What's the lesson in this for BAM startups?
If the Pentagon has no business doing economic development and business startups, can we ask the question should churches be doing this? Should mission agencies be doing this? Are they any more qualified than the Pentagon?
I recently learned of a missionary agency which spent a quarter million dollars over ten years trying to help their missionaries start businesses in faraway places, many of them much less risky than Iraq and Afghanistan. They all failed. Is there a lesson here?
I recently received a letter from a really good guy working in South Asia. He was a seminary graduate and a coffee lover and actually quite knowledgeable about the entire process from farmer to coffee cup. He set about starting a business in his Asian country, raised tens of thousands of dollars and had a good partner. So why the letter?

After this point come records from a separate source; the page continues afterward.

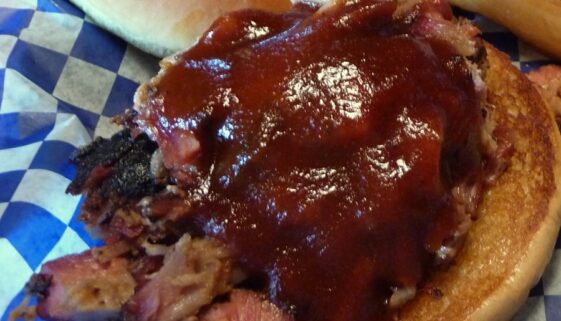 Famous Dave’s Sassy Chipotle Sauce Recipe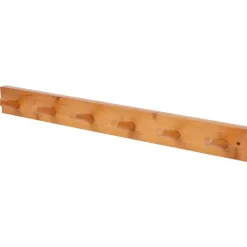 FERM Gereedschap>Bamboe Kapstok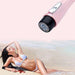  Smooth And Silky Ouchless Portable Ladies Hair Trimmer by VistaShops VistaShops Perfumarie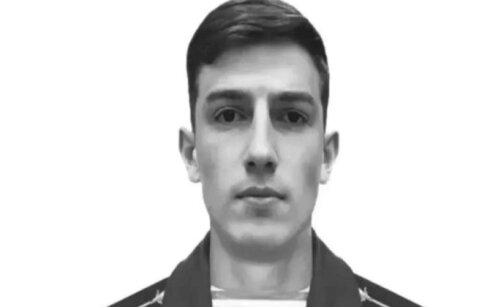 Rusiya generalının oğlu belə məhv edildi - VİDEO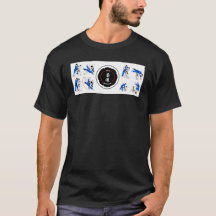 MTG Club Tshirt - Reihen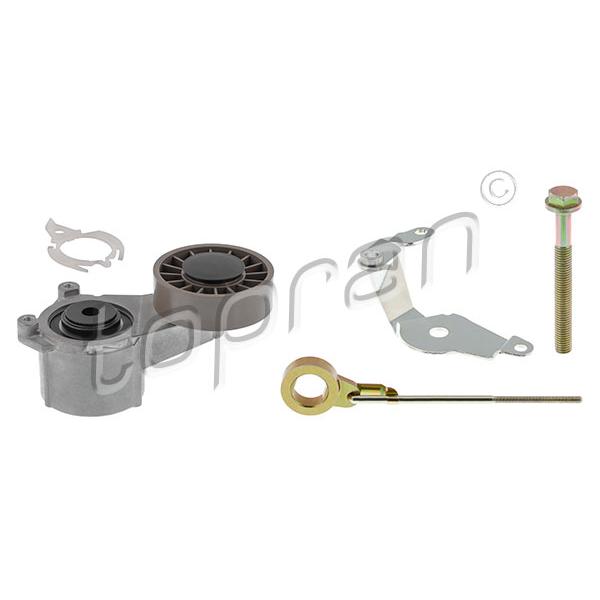 HANS PRIES HP400138 V-Ribbed Belt Tensioner Lever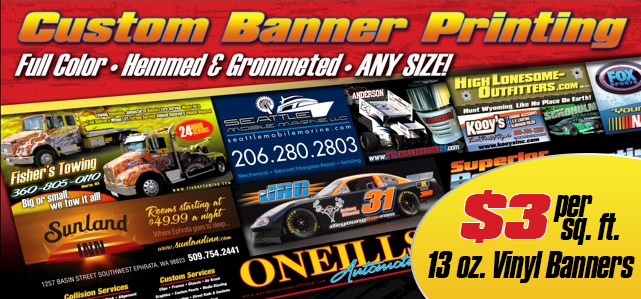 Banners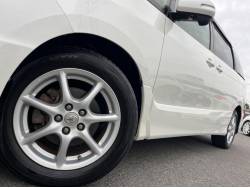 エスティマ アエラス Ｇパッケージの中古車画像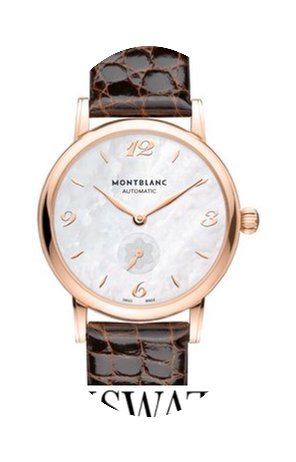 Montblanc STAR 34 MM 107911 NEW...
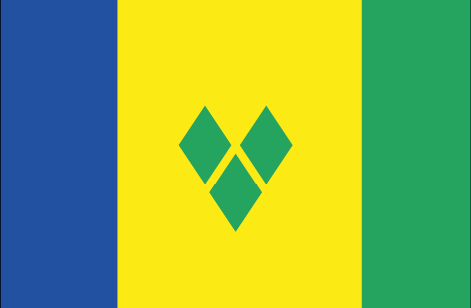 St. Vincent
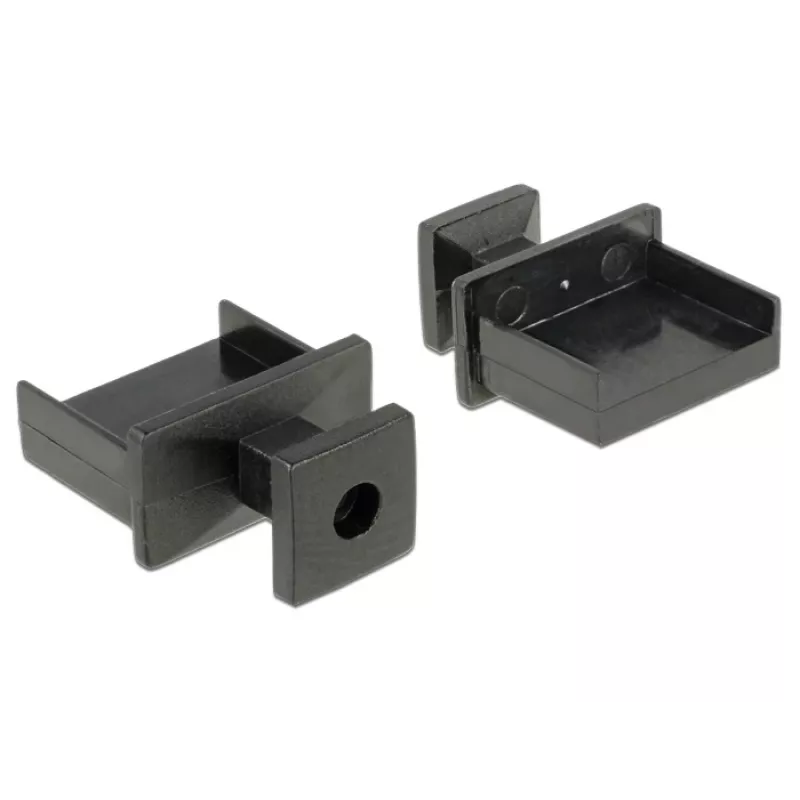Ochranná krytka konektora samica USB Type-A DeLOCK 64009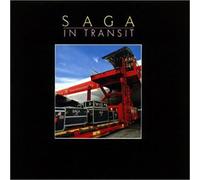 Saga - In Transit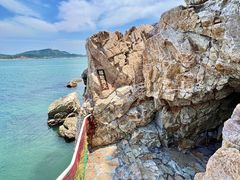 -长岛南北长山旅游景区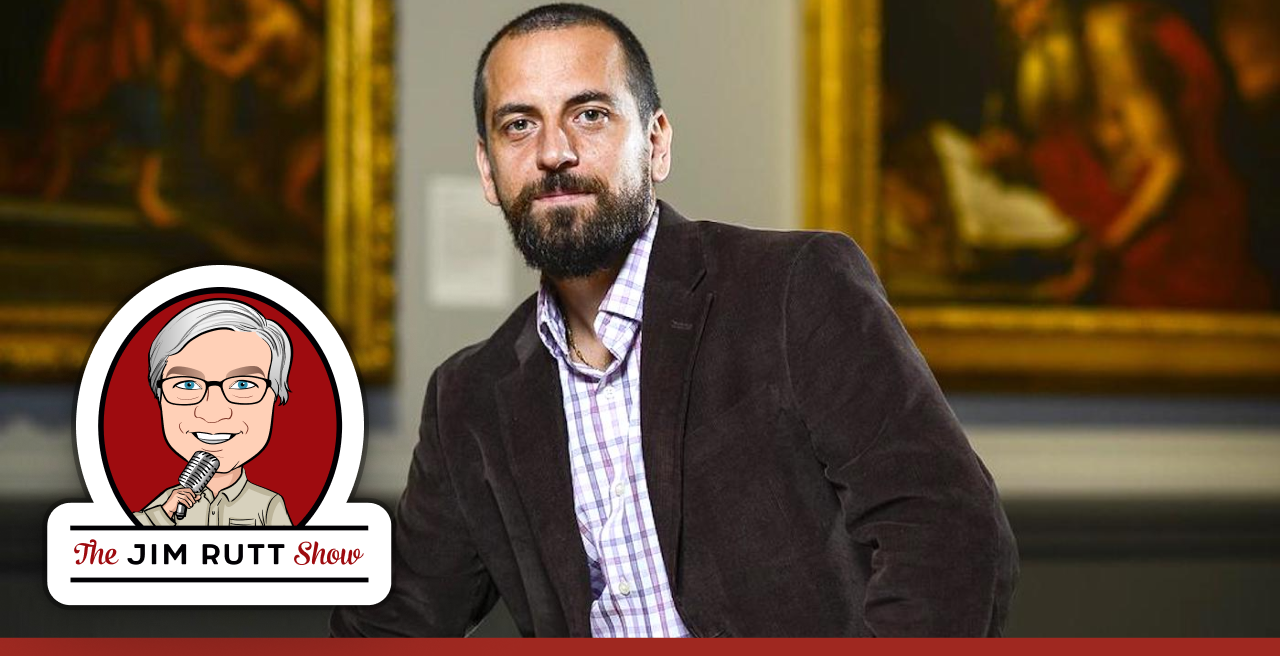 EP21 Roman Yampolskiy on the Outer Limits of AI - The Jim Rutt Show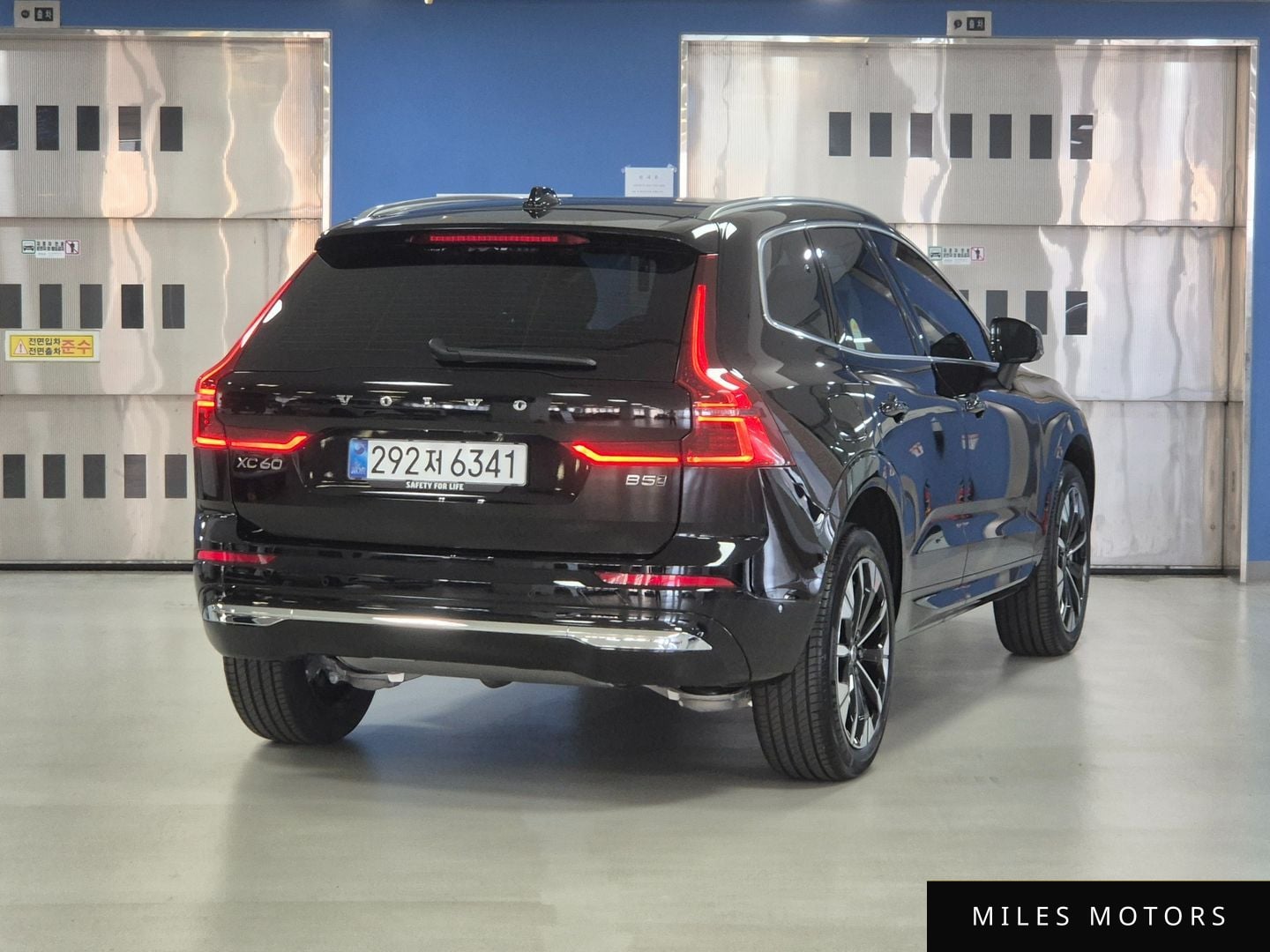 Volvo XC60 2026 — миниатюра 4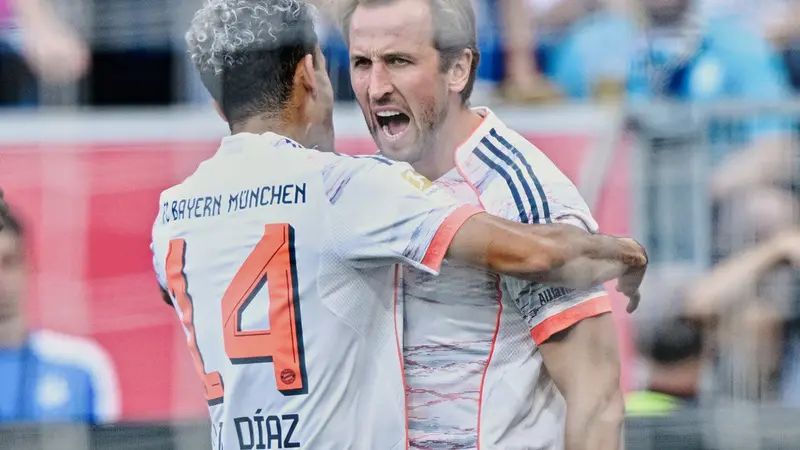 Bayern Munchen vs Werder Bremen, Ujian Berat untuk Tim Asuhan Horst Steffen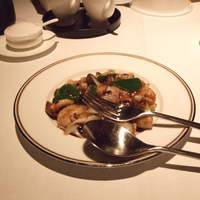 中国料理 星ヶ岡 - 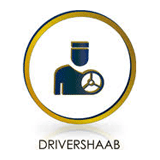 DriverShaab logo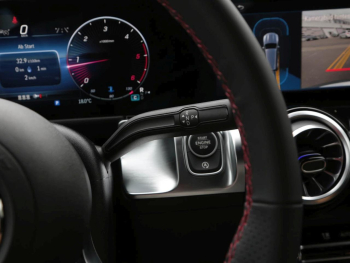 Mercedes-Benz GLB 200 d AMG MBUX Navi Kamera Winter-Paket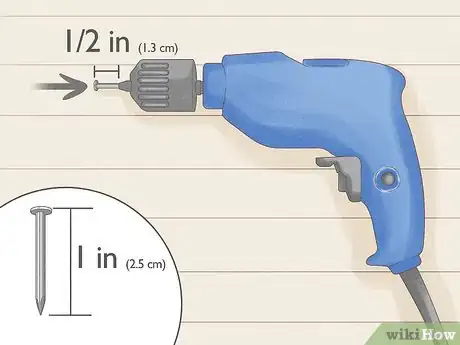 Image titled Polish Nails for Pinewood Derby Step 1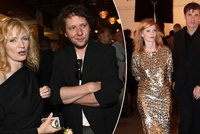 Jubilantka Geislerová (50): Její život by vydal na film! Aféra s miliardářem, rozvod na spadnutí a nemanželské dítko?!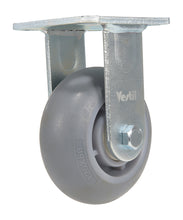 Load image into Gallery viewer, TPR (Thermoplastic Rubber) Casters
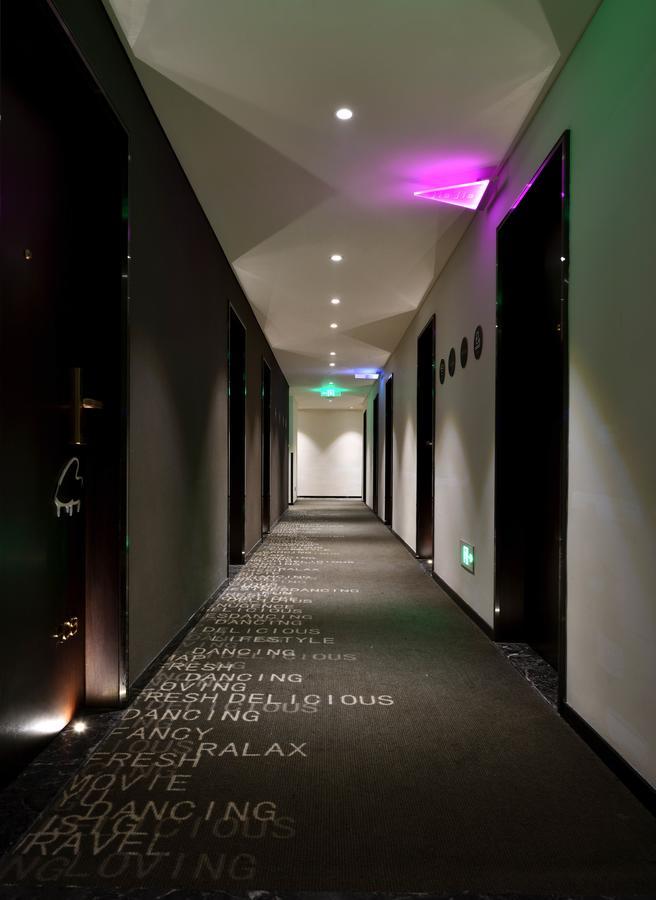 Citigo Hotel West Lake 杭州 エクステリア 写真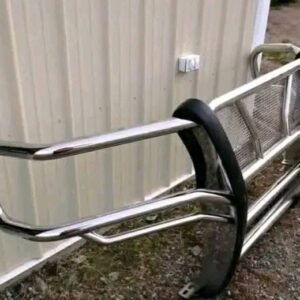 2004 2005 2006 2007 2008 Ford F150 Stainless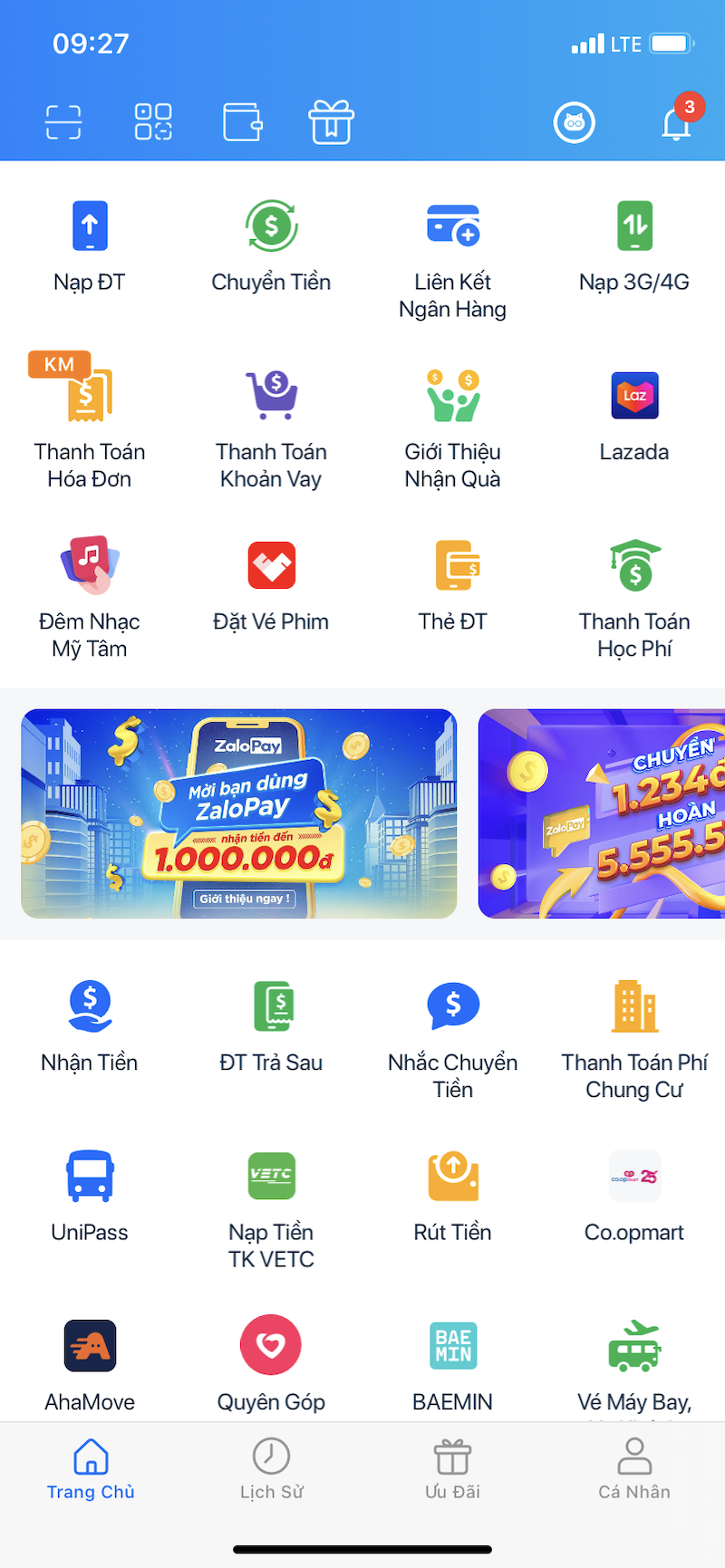 zalo-pay-la-gi-1 Zalopay là gì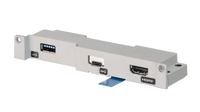 Panasonic I/O HDMI+USB-C+USB-A for FZ-40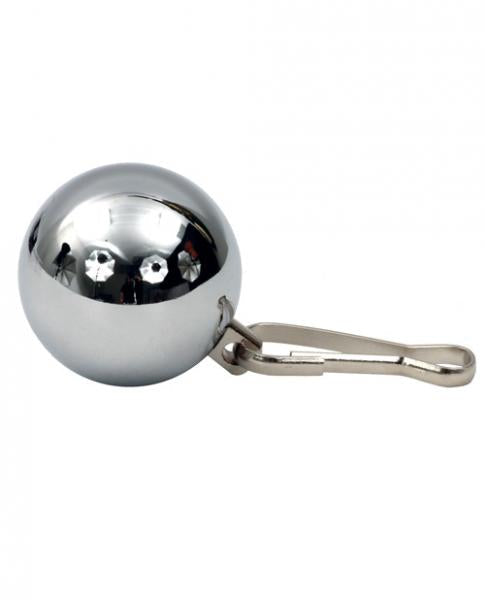 The Deviants Orb 8 Ounce Ball Weight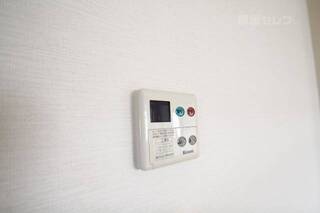 201号室の写真です。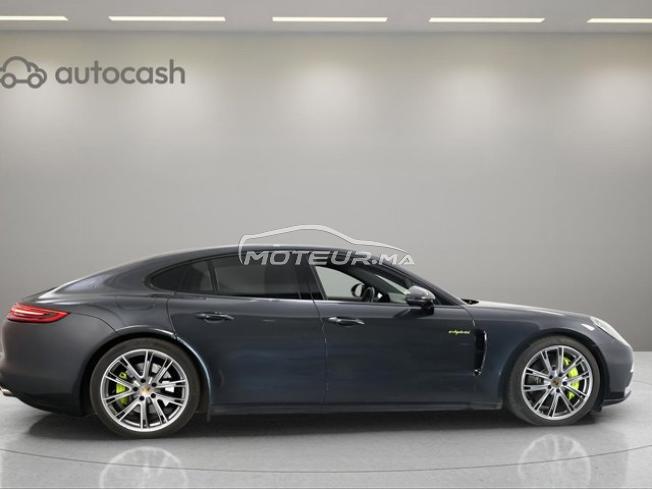 1900 - Porsche Panamera 2020 expertisée avec finan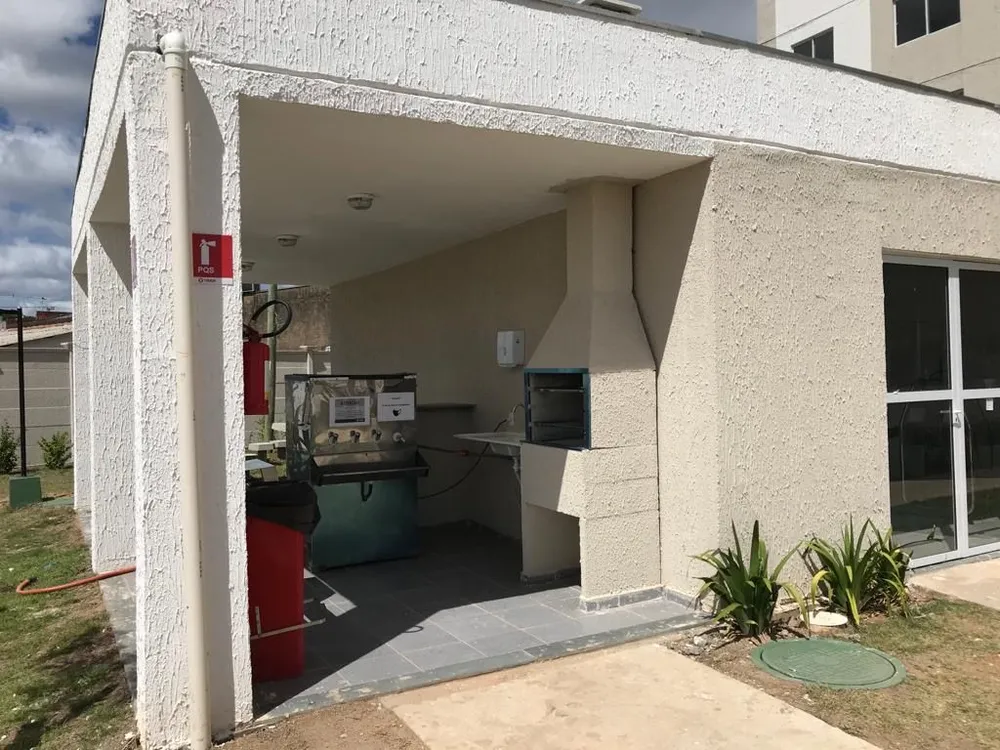 Apartamento, 2 quartos, 41 m² - Foto 12
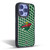 NHL Minnesota Wild Net Pattern Gel Armour Case For Apple iPhone 15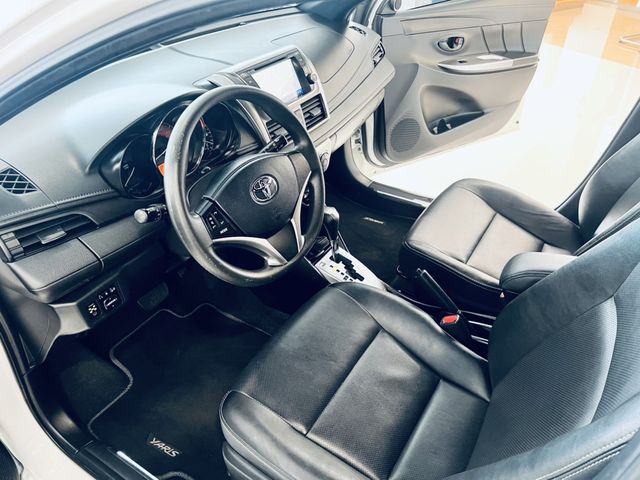 YARIS 1.5  第8張相片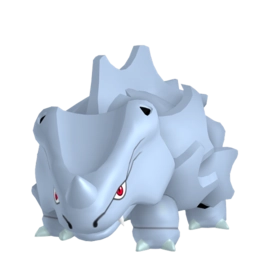 Image de Rhinocorne ♀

When the going got tough with many hard hours required and challenges to face, he prayed and decided that God wanted him in “ministry” after all. He decided to default to traditional ministry for which he was trained. He confessed that he was not ‘wired’ for business. Again – the lesson is that he was not wired for business and the lesson is for consultants and investors to understand that up front, before mistakes are made.
Perhaps the lesson is: it matters who starts and operates a business. It is not just anybody that can do this; it takes a certain kind of person. And it is not someone with deep pockets; or a strong ideology; or a commitment to social or spiritual goals. It is a person wired by God for “seeing around corners” as one of my students expressed it.
That someone has the qualities of being a risk taker, accepting failure, being accountable, picking strong partners, tenacity, adaptability, comfort with chaos, propensity for hard work and resiliency.
Startup business people want to serve the customer, realize a dream, and accomplish a goal. They are in the arena of hard work and know defeat as well as victory. They sacrifice for the business which is their highest calling.
“Biblical entrepreneurship and business leadership is a biblically based process of identifying opportunities, taking calculated risks, solving problems, and exercising business stewardship for profit” 2 (Tsague). Doing business is a calling and doing it cross culturally is a calling for those gifted by God and ready for the challenge.